Shaken, humbled and apologetic. This is the Toronto Maple Leafs as they’ve seldom been seen.

TORONTO — Shaken, humbled and apologetic. This is the Toronto Maple Leafs as they’ve seldom been seen.

General manager Brian Burke capped another failed season Tuesday by echoing the mea culpa issued from other key members of the organization that now owns the NHL’s longest playoff drought of eight years.

“We have the best fans in the National Hockey League and all of pro sports and we need to deliver more,” Burke said during a relatively low-key 30-minute session with reporters. “That loyalty needs to be rewarded.”

His remarks followed an open letter to fans from Maple Leafs Sports and Entertainment chairman Larry Tanenbaum that ran in newspapers and on the team’s website, asking for forgiveness.

A similar note was sent to season ticket holders. Tom Anselmi, MLSE’s chief operating officer, went so far as providing his email address to each member of that group and has pledged to speak with every concerned member individually.

From top to bottom, the franchise is clearly embarrassed by its performance, and it went to great lengths to try to reassure the paying public. The Leafs may have sold out every home game for as long as anyone can remember, but they don’t want to be seen as taking that loyalty for granted.

“This is about winning, this is about doing right by your fans, this is what we’re all into this for,” said Anselmi. “Sports is a business, yeah, but it’s a business based on emotion and passion and caring.”

Toronto fans care, he said.

“They’re paying with after-tax dollars,” said Anselmi. “You owe them a great product and when it isn’t good enough that’s not good enough.”

The Leafs were not nearly good enough this season, at least over the final two months. They won just 10 of 33 games after the all-star break and missed the playoffs by 12 points in the Eastern Conference — tumbling all the way to 26th overall in the league.

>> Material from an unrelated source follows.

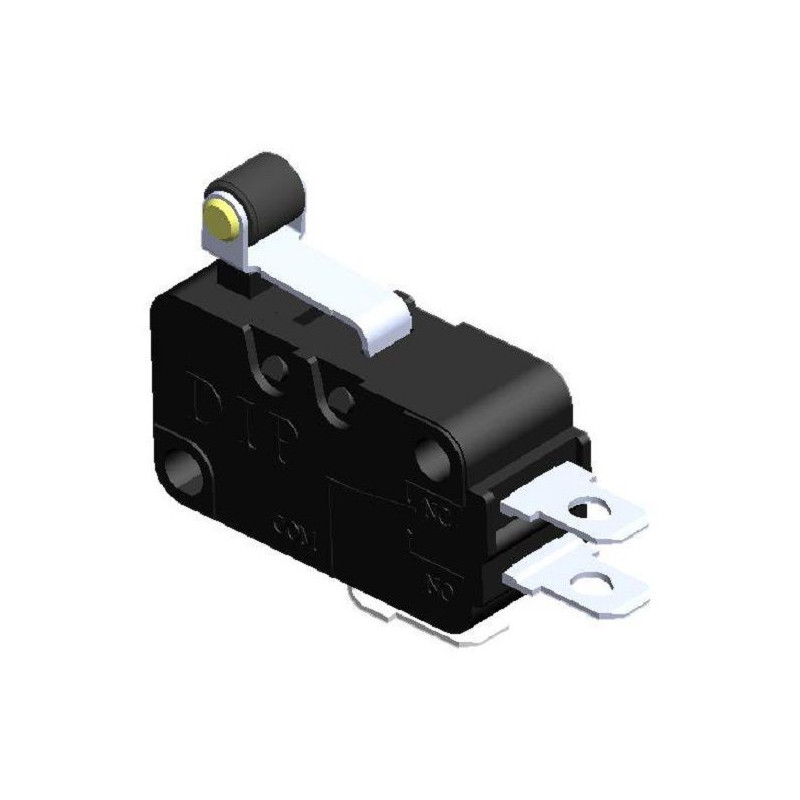 Multicomp Pro (MP000787) Microswitch, Short Hinge Roller Lever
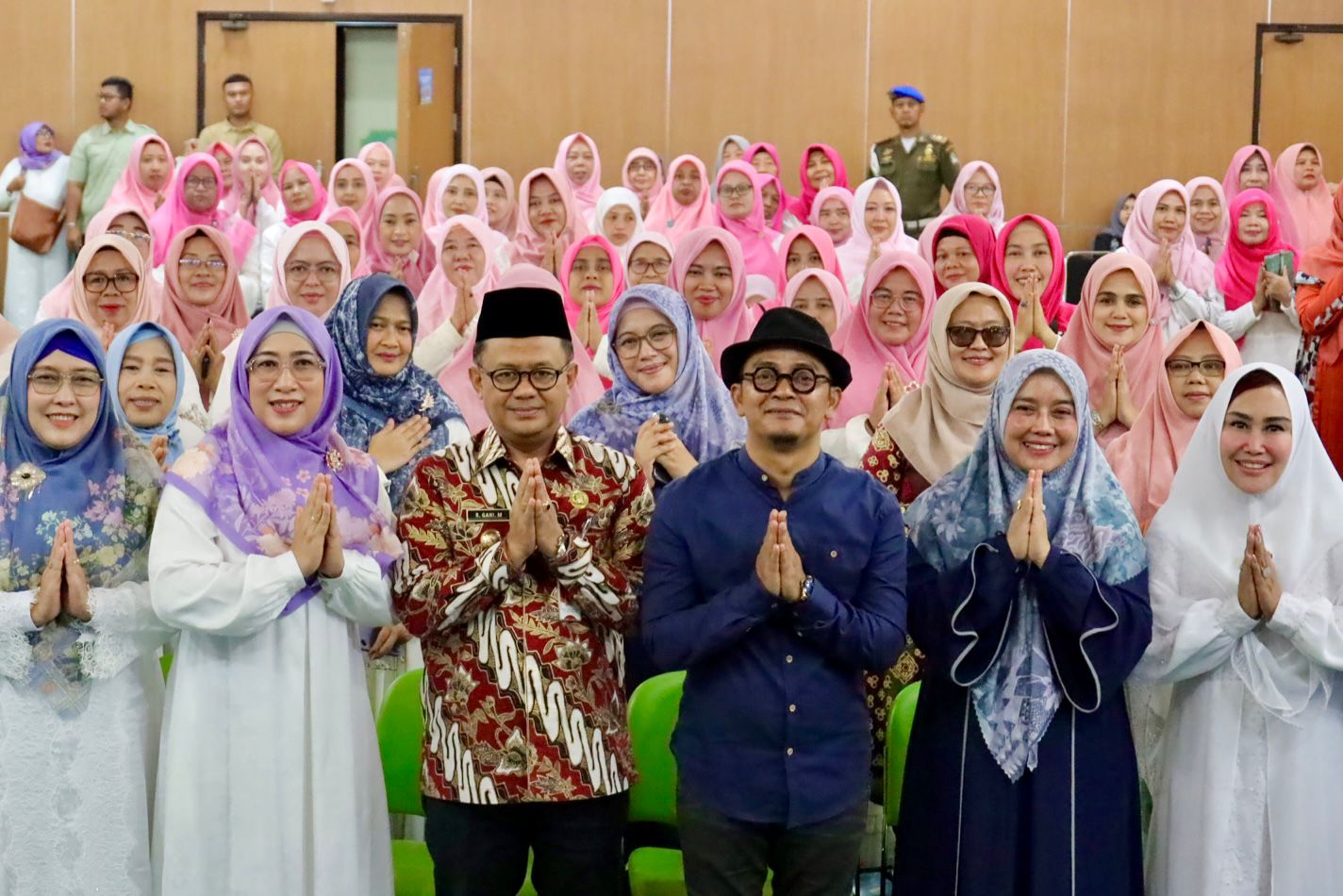 Kota Bekasi Jadi Tuan Rumah Pengajian Rutin TP. PKK Tingkat Jawa Barat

Burke made sure to steer well clear of the panic button in his annual state-of-the-union address Tuesday, saying that his vision for building a winning team remains unchanged from the day he arrived in November 2008.

But this was far from a typical performance for the franchise’s most distinctive and powerful voice, who still seems to be coming to grips with the lack of success during his tenure. Burke famously dismissed the need for a five-year rebuilding plan the day he was hired and now finds himself heading into his fifth season at the helm.

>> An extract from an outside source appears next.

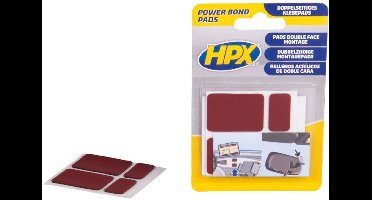 Dubbelzijdige HSA bevestigingspads - antraciet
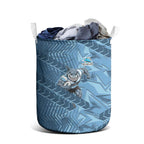 Cronulla Sutherland Sharks Rugby Laundry Basket Fierce Mascot Geometric Tribal Art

“I was in the playoffs seven straight years before I got here,” said Burke. “This has been agonizing. I’m sure you can see it in my face, I haven’t slept in a month, two months.

“If fans think they’re disappointed, I can assure you the general manager is far more disappointed.”

It will be difficult to acquire every item on the team’s summer shopping list. Burke wants the Leafs to be able to dictate the game to opponents and that means more size and strength, including finding a centre to play on the top line. He’d also like to get another goaltender to play alongside James Reimer.

A thin free-agent class offers few solutions and the uncertainty hovering over negotiations on a new collective bargaining agreement will complicate the decision-making process. But Burke believes he has the assets to be a player on the trade market, where he’s made his best moves as Leafs GM to date.

Amid the wreckage of a poor finish he was able to identify some reason for optimism.

“I’m trying to build a championship team here and that’s very hard to see today,” said Burke. “But the building blocks, the keys that you need — the Phil Kessels, the Joffrey Lupuls, the Jake Gardiners, the Dion Phaneufs, the second line — all those things have been put in place.

“And that’s what can’t be overlooked as you analyze and dissect a season. Even a season that’s marked by failure. I think we’re going in the right direction.”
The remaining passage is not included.